Mam duży problem z moją narzeczoną, liczę na jakieś obiektywne rady bo już nie wiem czy przypadkiem ja nie jestem pie***nięty.
Moja narzeczona zmieniła pracę 3 miesiące temu, którą ja jej znalazłem.
W owej pracy pracuje większość mężczyzn z którymi zaczęła się kolegować.
Od 3 miesięcy nie słyszę nic innego tylko o kolegach z pracy.
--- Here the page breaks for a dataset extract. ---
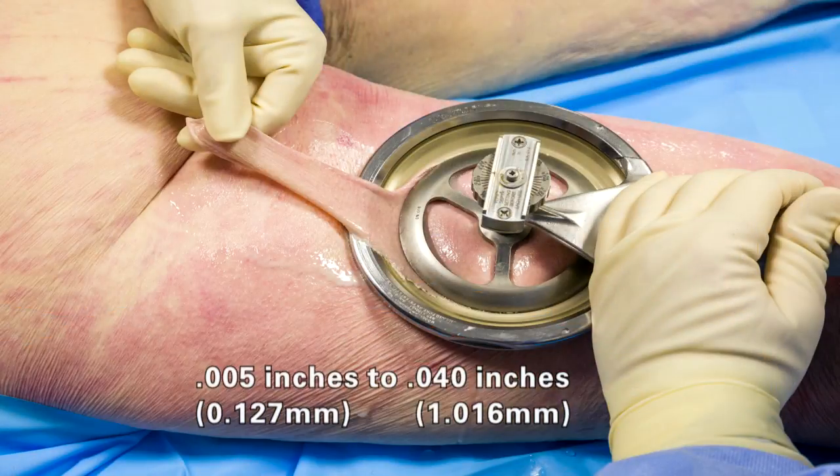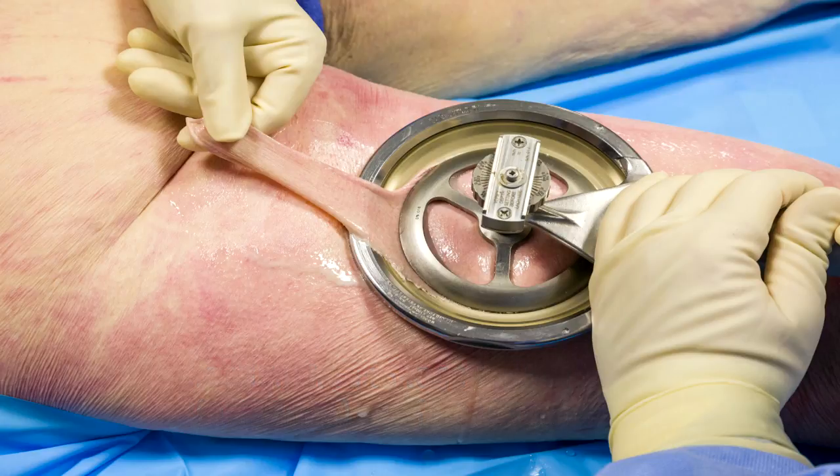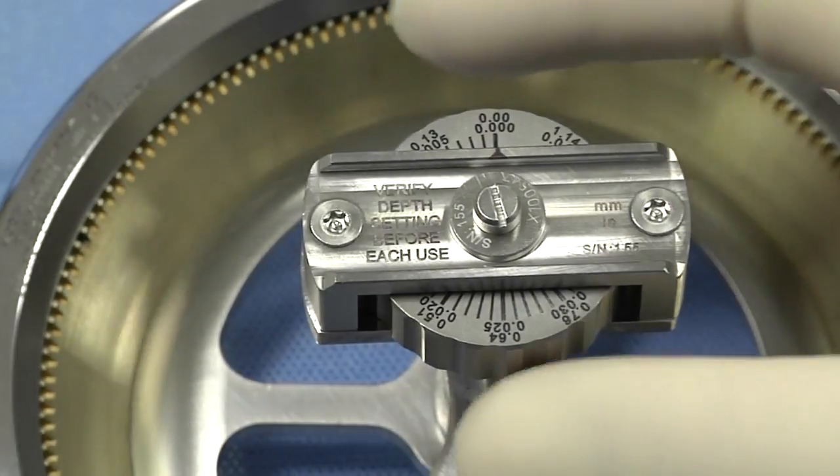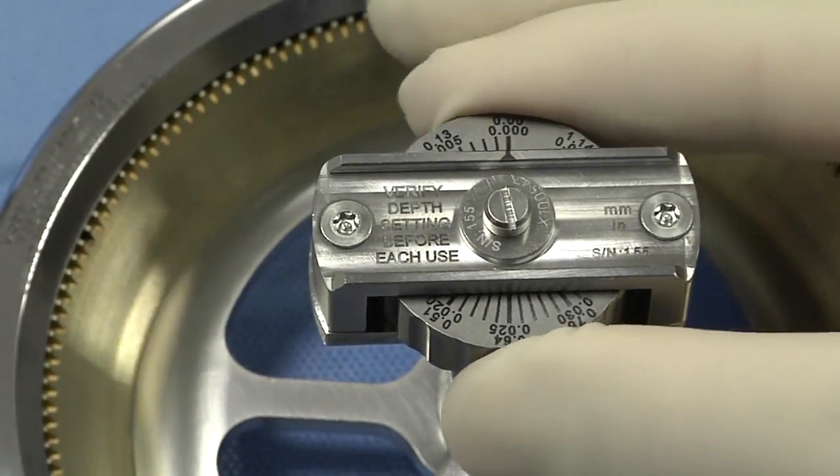Recovering skin grafts within the specified excision depth range ensures skin graft accuracy to the setting reflected on the depth adjustment knob. Adjust depth settings to the desired thickness by turning the depth adjustment knob.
Było przez to kilka kłótni, ale ucichło.
Na początku poszła na piwo integracyjne z kolegami - nie miałem nic przeciwko.
Potem zaczęła mi mówić że koledzy kupują jej słodycze często - dziwne ale przemilczałem.
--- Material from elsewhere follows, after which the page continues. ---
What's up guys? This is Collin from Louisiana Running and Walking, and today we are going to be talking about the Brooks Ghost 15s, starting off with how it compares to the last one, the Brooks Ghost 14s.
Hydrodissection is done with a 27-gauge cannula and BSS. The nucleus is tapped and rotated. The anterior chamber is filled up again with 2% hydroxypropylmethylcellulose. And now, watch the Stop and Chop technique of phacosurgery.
Dalej, koledzy wyciągają ją ciągle na jakieś wspólne burgery - tutaj się już nie zgodziłem bo jednak to tylko koledzy z pracy więc WTF
Wybraliśmy się ostatnio na randkę, pierwszą od dawna, gdyż zbieramy na wesele. Kto zawitał w knajpie? Koledzy! Mówi że nie wiedziała że tam przyjadą ale nie wiem. Pokłóciliśmy się i cisza.
Ostatnio wymyśliła posiadówkę w domu. Powiedziałem, spoko. Zaprosimy znajomych.
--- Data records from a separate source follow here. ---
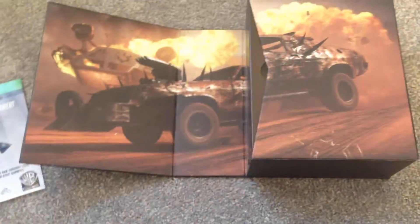Let's open it up. So that's pretty cool, and then you've got all your stuff in here.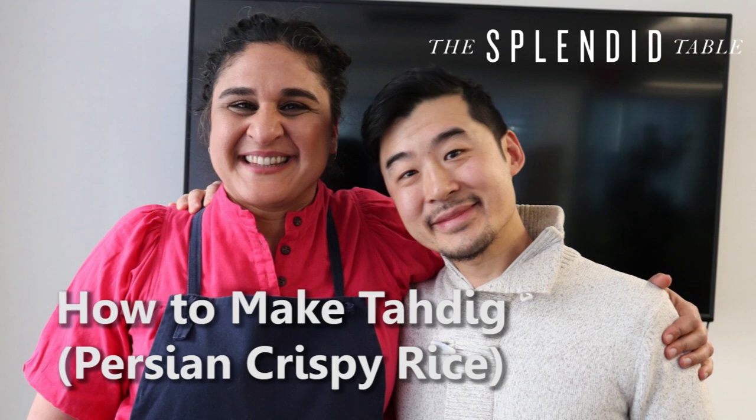Hey, Samin. My name is Quentin, and I'm calling from Silver Spring, Maryland. My family and I are locked away these days like everyone else, and I would love to try a Persian recipe. Something simple and comforting. Thanks so much.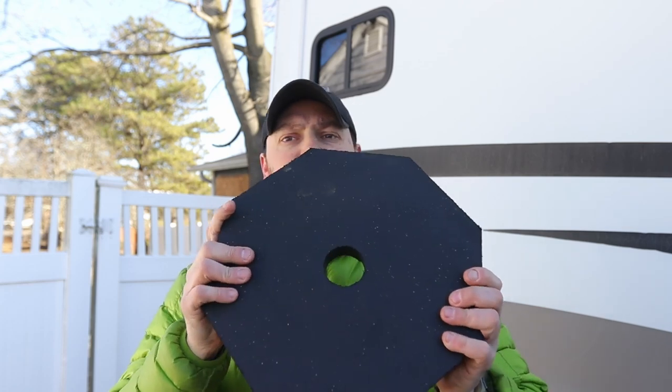In today's video I'm going to be doing a quick install of the RV snap pad. What is the RV snap pad you may ask? The RV snap pad is this guy right here.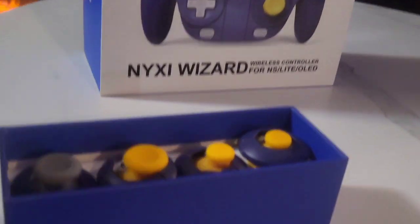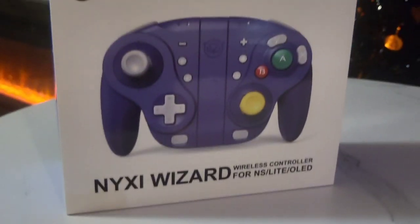Alright, guys, we're looking at some spare joysticks for this. Wow, they're really setting us up.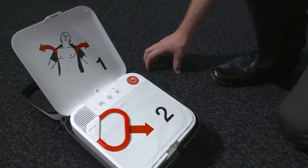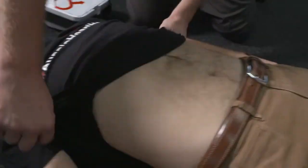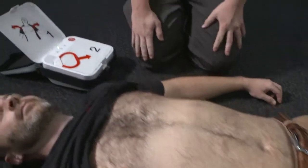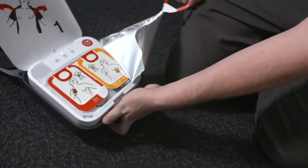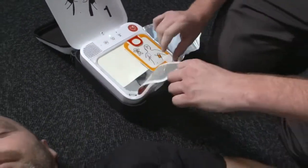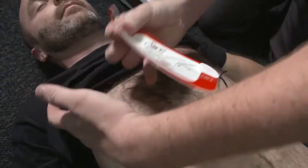Adult mode. Remove all clothing from patient's chest. Pull red handle to reveal pads. Look at pictures on pads. Apply pads to bare skin exactly as shown in the pictures. Press pads firmly.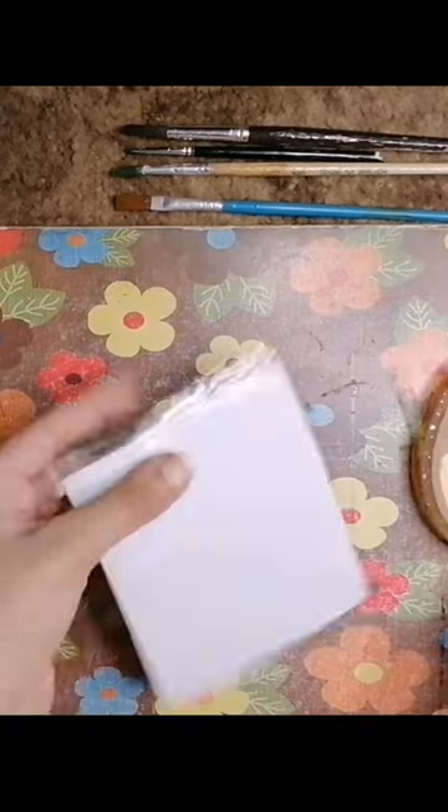So let's begin. As you can see, I'm using scotch tape — you can also use washi tape if you have some. You just have to prevent the borders from getting any paint.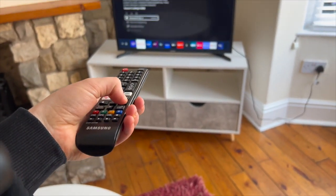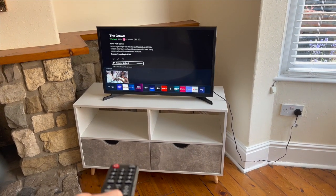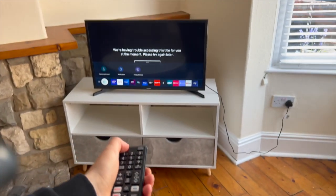You can switch across to what you'd like to watch — you've got Netflix, Prime, BBC, and ITV. To turn it off, just press the same button again.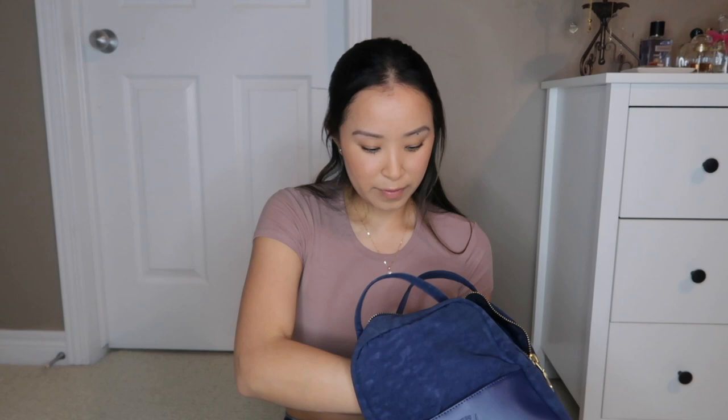I also have this hand cream since it's winter and my hands have been so dry, so I brought it for when I'm at work. And then I just have my keys and my name tag for work.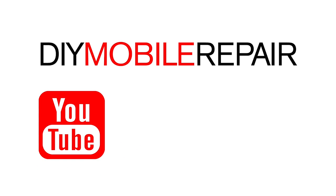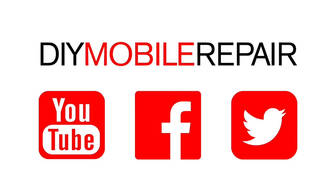Don't forget to subscribe to our YouTube channel, like us on Facebook, and follow us on Twitter.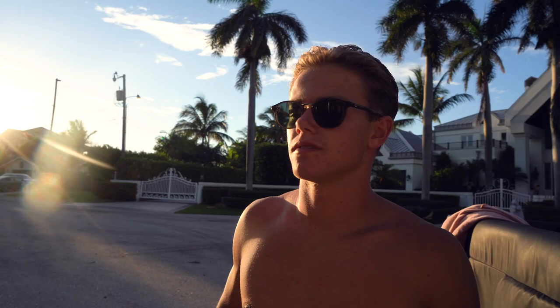All right, we just got back to the truck and loaded the tripod and everything in. I didn't get too wet riding, but I ended up soaking the hoodie. But anyway, thanks for tuning in guys — nothing too special, just went for a little evening cruise on the e-foil. I'll see you guys in the next video. Peace.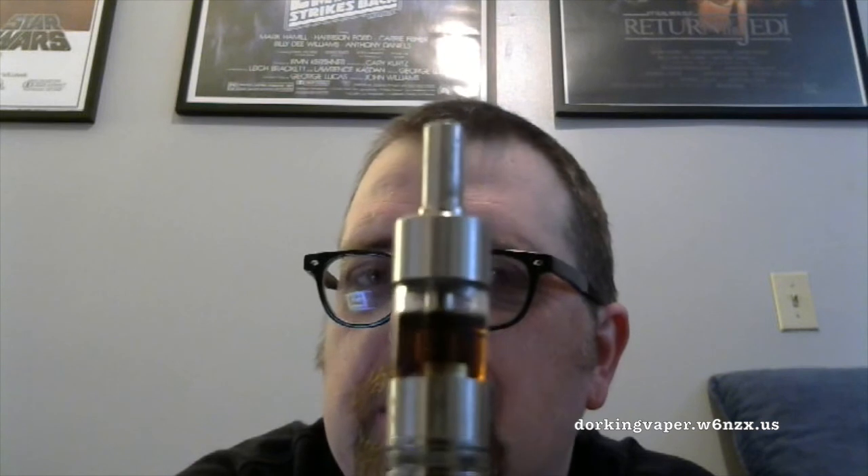Hey guys, Dorking Vapor here again with another quick video where I'm just testing out a theory. Have you ever noticed certain juices in certain tanks, they get kind of like this residue, like something's not getting vaped? I'm just wondering if the problem is that the atomizer is just getting gummed up. So I'm going to dump out this juice, do a hard rinse on the atomizer itself under a hot tap, refill this with juice, and we'll see what happens.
Dzisiaj mi powiedziała że chce zaprosić dwóch kolegów w pracy i nikogo więcej - no i tu już miarka się przebrała co doprowadziło do dużej kłótni.
Koledzy oczywiście są samotni ale to już nawet o zazdrość nie chodzi chociaż wiem na milion procent że walą pamięciówki.
Myślicie że to moja paranoja?
______________________________
Get Rich Or Die Tryin
Proponowałbym - profilaktycznie - strzelić laskę w pysk, z liścia,co by śladów nie było, w ryj, może otrzeźwieje. Druga opcja to uderzyć do kolesi, ale to zależy - czy ćwiczą kulturystykę, czy może są chudymi leszczami (bardziej prawdopodobne). Jeżeli opcja pierwsza, to radzę zaopatrzyć się ze porządną pałkę do bejsbolu, druga nie wymaga żadnych specjalistycznych narzędzi, chyba że również jesteś chudym leszczem.
Generalnie musisz jej pokazać kto tu rządzi, a jak ma jakieś bunty to olej svke.
Olej svke.
Ale przed olaniem pokaż że ty nie byłeś pierwszy lepszy i nie dasz sobie w kasze dmuchać.
Załóż jej gilotyne a kolegów ograj w mortal kombat.